If the front view area (width x height) of the cameras is taken as an aggregate measure of their size, the Leica S-E Typ 006 is considerably larger (238 percent) than the Canon G9 X Mark II. It is noteworthy in this context that the S-E Typ 006 is splash and dust-proof, while the G9X Mark II does not feature any corresponding weather-sealing.
The above size and weight comparisons are to some extent incomplete and possibly misleading, as the G9X Mark II has a lens built in, whereas the S-E Typ 006 is an interchangeable lens camera that requires a separate lens.
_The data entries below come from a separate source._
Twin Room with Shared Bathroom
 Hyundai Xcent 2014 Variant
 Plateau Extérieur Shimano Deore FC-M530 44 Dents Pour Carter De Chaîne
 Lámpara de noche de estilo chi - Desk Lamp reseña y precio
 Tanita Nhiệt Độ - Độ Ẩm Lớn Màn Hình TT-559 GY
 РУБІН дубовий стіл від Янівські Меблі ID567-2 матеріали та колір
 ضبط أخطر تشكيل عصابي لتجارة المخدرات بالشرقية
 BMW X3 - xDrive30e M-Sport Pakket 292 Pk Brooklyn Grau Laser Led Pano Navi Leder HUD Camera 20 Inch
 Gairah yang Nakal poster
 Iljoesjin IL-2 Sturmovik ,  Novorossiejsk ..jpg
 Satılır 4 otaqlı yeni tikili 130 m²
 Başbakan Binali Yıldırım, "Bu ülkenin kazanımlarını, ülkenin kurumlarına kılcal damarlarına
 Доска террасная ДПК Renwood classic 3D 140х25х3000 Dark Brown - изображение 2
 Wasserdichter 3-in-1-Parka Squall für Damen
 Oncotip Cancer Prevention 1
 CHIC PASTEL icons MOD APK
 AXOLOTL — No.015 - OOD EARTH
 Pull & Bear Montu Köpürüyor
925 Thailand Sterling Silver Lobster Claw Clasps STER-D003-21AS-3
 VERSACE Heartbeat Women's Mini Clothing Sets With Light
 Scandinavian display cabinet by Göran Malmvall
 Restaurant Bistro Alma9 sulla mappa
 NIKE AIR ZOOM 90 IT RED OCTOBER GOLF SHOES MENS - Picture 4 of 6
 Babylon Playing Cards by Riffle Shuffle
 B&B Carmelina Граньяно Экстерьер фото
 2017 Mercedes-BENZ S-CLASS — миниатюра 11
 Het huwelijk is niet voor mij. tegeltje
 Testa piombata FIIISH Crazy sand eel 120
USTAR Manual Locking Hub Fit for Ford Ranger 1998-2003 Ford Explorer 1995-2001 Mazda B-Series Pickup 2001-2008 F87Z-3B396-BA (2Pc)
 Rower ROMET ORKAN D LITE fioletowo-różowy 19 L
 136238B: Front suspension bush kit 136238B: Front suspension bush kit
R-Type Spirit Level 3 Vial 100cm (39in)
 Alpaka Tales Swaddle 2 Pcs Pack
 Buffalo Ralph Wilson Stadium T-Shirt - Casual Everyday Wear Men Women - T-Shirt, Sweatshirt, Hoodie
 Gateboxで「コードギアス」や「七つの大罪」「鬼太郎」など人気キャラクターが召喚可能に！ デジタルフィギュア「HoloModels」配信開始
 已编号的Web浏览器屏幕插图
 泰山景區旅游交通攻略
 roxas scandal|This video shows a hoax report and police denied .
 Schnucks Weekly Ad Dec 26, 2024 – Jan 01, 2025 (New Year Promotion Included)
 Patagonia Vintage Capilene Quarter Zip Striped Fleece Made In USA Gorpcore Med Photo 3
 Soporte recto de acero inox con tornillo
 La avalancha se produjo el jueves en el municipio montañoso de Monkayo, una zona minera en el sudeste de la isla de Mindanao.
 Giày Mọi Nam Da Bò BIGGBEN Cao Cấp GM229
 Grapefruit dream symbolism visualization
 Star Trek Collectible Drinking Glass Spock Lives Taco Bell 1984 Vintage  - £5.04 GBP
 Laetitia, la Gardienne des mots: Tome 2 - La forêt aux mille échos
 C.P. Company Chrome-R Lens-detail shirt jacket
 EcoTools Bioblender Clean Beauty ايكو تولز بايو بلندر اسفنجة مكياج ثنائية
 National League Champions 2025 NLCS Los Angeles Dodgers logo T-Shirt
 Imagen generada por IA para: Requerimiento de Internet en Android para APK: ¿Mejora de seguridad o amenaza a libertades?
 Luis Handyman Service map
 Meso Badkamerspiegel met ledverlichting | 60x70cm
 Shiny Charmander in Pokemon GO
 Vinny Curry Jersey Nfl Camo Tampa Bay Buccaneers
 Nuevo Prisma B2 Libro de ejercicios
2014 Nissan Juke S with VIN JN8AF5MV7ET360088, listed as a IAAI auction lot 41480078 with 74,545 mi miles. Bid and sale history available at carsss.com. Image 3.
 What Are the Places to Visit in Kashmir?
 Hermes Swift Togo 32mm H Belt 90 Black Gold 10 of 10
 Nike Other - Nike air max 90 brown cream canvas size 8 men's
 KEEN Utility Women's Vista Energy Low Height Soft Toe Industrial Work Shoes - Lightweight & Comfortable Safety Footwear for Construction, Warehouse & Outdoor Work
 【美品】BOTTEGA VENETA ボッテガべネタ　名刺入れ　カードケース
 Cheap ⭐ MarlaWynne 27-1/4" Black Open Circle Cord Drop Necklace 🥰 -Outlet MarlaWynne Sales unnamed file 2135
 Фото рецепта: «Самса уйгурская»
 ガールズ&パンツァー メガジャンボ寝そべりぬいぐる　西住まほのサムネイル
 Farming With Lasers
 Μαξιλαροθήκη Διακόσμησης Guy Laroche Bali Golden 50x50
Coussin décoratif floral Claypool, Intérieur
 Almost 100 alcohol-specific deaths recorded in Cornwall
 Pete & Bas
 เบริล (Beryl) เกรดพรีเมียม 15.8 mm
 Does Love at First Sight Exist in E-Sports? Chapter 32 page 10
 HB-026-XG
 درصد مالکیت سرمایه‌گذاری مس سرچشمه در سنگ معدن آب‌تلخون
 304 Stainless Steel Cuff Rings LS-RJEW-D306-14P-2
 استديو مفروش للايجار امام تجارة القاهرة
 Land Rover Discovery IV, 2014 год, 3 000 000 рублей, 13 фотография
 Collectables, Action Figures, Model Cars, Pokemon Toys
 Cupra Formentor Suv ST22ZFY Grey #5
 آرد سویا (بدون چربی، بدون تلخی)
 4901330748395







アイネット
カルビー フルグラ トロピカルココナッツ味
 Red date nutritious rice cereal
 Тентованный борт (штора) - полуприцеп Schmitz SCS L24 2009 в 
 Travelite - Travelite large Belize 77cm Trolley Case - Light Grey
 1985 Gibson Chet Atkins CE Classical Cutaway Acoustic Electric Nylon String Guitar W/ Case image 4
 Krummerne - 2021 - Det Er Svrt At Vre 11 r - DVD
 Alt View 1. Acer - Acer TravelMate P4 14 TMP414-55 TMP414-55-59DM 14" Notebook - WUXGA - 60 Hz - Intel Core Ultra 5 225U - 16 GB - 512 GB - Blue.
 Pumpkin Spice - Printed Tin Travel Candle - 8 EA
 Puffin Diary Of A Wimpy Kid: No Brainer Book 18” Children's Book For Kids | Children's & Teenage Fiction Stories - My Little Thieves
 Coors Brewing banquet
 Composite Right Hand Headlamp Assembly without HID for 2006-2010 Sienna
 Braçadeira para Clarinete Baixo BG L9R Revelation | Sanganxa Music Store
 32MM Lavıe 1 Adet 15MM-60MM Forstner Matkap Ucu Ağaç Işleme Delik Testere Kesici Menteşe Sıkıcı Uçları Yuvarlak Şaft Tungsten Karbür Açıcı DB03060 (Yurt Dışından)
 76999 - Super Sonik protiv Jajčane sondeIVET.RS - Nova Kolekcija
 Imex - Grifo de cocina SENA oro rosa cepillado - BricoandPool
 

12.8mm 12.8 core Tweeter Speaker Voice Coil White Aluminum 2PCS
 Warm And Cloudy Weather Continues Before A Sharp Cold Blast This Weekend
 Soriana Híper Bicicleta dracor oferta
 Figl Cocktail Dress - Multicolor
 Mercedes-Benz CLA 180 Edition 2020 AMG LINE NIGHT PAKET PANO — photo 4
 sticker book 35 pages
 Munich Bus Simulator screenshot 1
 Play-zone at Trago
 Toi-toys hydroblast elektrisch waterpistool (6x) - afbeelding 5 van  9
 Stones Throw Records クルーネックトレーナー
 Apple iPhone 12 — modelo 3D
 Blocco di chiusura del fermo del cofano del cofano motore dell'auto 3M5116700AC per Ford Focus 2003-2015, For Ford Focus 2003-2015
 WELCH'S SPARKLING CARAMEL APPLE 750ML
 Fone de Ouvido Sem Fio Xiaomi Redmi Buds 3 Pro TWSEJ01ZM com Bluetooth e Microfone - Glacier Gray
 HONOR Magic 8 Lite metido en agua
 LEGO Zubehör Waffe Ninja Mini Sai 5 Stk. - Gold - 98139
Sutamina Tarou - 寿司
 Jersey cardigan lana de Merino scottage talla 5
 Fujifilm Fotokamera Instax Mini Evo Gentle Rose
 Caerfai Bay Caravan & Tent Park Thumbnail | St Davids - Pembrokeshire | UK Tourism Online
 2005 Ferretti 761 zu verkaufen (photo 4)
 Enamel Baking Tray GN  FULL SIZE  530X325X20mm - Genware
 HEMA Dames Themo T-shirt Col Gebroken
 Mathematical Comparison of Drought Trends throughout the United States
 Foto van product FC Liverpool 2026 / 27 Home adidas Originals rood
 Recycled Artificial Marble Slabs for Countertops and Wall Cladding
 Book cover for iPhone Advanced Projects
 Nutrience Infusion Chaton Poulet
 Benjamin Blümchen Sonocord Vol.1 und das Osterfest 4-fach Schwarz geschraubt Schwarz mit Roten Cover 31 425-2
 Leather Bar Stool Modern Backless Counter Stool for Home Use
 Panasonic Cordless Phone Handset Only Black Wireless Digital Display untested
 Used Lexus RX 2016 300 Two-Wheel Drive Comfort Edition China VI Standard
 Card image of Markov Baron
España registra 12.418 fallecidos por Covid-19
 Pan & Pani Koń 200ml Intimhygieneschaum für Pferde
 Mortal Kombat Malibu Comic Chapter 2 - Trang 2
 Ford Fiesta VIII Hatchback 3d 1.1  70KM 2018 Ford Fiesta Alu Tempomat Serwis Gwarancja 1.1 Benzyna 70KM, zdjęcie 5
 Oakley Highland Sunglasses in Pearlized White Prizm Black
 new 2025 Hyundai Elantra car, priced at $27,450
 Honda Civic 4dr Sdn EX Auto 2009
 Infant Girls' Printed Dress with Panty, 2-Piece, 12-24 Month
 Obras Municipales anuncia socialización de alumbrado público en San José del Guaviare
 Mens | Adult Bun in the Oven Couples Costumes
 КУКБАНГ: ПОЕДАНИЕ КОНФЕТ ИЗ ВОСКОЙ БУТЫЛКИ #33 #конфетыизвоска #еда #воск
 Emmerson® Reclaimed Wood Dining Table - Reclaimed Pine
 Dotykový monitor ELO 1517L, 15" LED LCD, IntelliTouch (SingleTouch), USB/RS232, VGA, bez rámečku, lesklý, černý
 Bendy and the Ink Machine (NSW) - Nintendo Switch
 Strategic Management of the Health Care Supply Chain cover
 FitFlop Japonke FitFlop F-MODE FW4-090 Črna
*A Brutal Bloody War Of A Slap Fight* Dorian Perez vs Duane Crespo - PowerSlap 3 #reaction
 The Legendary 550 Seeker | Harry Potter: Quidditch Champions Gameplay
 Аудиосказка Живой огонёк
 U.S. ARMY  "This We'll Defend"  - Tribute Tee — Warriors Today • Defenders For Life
Attaching the latter will add extra weight and bulk to the setup.
The power pack in the G9X Mark II can be charged via the USB port, so that it is not always necessary to take the battery charger along when travelling.
The following table provides a synthesis of the main physical specifications of the two cameras and other similar ones. In case you want to display and compare another camera duo, just click on the right or left arrow next to the camera that you would like to inspect. Alternatively, you can also use the CAM-parator to select your camera combination among a larger number of options.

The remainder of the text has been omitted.